3. İngiltere Kraliçesi’nin Elmas Jübilesi: Berbattı. İnanılmaz iğrençti. Zaten çok kötü olmasını bekliyordum ve sadece bu düşüncemi tasdik etmek için izlemiştim, ama bu kadar kötü olacağını tahmin etmemiştim. Bir opera şarkıcısı Elvis söyleyerek sarhoş amcanız gibi dans ediyordu. Robbie Williams kariyerini 1990’ların sonundan kurtarmak için bir kez daha utanç verici bir çaba sergiliyordu.
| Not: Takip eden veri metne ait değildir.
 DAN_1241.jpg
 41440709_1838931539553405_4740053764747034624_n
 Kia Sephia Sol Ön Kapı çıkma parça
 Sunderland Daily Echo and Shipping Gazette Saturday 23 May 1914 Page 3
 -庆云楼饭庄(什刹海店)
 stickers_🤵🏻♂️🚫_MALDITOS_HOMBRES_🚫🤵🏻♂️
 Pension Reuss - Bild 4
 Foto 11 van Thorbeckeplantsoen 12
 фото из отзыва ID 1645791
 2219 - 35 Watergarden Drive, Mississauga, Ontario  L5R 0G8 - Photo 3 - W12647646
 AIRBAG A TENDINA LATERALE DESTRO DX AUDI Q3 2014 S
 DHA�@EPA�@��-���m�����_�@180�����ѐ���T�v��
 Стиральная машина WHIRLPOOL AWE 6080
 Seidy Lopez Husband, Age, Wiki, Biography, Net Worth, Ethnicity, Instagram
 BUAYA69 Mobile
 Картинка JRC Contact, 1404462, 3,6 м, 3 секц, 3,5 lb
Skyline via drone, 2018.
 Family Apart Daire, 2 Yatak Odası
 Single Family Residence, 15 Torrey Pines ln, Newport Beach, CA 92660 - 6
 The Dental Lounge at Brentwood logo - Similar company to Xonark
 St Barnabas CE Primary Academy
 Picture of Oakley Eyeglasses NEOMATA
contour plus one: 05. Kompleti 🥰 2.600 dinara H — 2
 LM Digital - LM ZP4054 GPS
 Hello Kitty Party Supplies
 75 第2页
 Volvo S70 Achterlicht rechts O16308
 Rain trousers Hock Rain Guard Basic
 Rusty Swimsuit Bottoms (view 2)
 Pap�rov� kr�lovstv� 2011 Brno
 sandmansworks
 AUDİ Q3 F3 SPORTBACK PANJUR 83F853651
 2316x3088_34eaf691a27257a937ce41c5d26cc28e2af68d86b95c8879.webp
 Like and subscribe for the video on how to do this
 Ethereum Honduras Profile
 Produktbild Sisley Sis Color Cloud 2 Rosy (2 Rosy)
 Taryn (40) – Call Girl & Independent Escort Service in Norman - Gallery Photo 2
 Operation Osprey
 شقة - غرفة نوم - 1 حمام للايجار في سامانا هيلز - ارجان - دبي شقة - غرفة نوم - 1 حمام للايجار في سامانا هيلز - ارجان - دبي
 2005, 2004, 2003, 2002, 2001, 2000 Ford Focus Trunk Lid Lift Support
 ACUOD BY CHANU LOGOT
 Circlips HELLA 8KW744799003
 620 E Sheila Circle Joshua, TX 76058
Elton John ve Paul McCartney gibi acınacak derecede kötü performanslar vererek popüler olan insanlar vardı. Neredeyse müzikten nefret edecektim. Bir kişi bile kraliçeye küfretmedi, ya da kötü niyetli asalak pisliğin teki olduğunu ifşa etmedi. Bunu izlerken İngiliz olmaktan utandım. Daha doğrusu her zamankinden biraz daha fazla utandım.

 

2. Youtube’da Stealing Sheep: Daha önce hiç dinlemediğim bu üçlüye hangi video önerileriyle ulaştığımı hatırlamıyorum. Ama “Genevieve” şarkısını dinledikten hemen sonra albümlerini sipariş ettim. Sonra eve gittim, birkaç tane daha şarkı aradım ve bunu buldum: https://www.youtube.com/watch?v=-GDTd-AD9GU. Şarkının başını duyar duymaz yere yığılarak ağlamaya başladım. Gerçekten hıçkırarak ağladım, bir ara boğulup öleceğimi sandım. 2012’de yaptığım tüm hatalar (bir sürü küçük hata yaptım, bir tane de kocaman) ve kendimi içinde bulduğum durum için ağladım. Açıkçası ben İngilizlerin bile soğuk ve duygusal olarak mesafeli sayacağı bir insanım. Sevgililerim, ailem ve arkadaşlarım benim hep şaka yapan, kötümser tarafımı görürler; sevgimi çok nadir ifade ederim. Bütün ilişkilerimin başarısız olmasının ve arada sırada yıkılarak küçük krizlere girmemin sebebi bu; ama bir yandan da pop müziği sevmemin asıl sebebi. Çok önemli bir şey değil (çoğunuz ne kadar grip atlattıysa ben de o kadar kriz atlattım) azıcık ağlayıverip hayata göğüs germeye devam ediyorum. Ama hayatımın çok kötü bir döneminde, bu şarkıyla ve bu grupla aynı şehirden olmamla avundum. Liverpoollular olarak pop müzik konusunda çok çok başarılıyız.

 

1. John Adams: CV, Facebook sayfası ya da arkadaşlık sitesi profili okurken “İlgilendikleri: Müzik” yazısını gördüğünüzde biraz rahatsız olmuyor musunuz? Bizim için müzik bir hobi ya da ilgilendiğimiz bir şey değil, bir yolculuktur. 2012’de benim yolculuğum beni post-minimalist klasik müziğe taşıyarak, Terry Riley’nin sonradan yaptığı besteleri, Gloria Coates’un senfonilerini ve John Adams’ı keşfetmemi sağladı. Bir gün eve yürürken müzikçalarımda birden “Short Ride in a Fast Machine” çalmaya başladı ve o kadar görkemli bir şeydi ki nefesim kesildi. John Adams’ın müziğinden hiç zaman kaybetmeden biraz daha sipariş ettim. Ve iki hafta sonra kendimi Nixon in China operasını üst üste dinlerken buldum. 2012’de en çok çaldığım albüm bu oldu. Müzik dünyası konusunda az bilgi sahibi değilim, ama bence bu olay her zaman keşfedilmeyi bekleyen yeni patikalar, bizi harika müziklerin beklediği ayak basılmamış caddelerin var olacağının kanıtı. Müziği sevmemin nedeni bu işte; hayatta insanı sürekli hayal kırıklığına uğratmayan tek şey olması.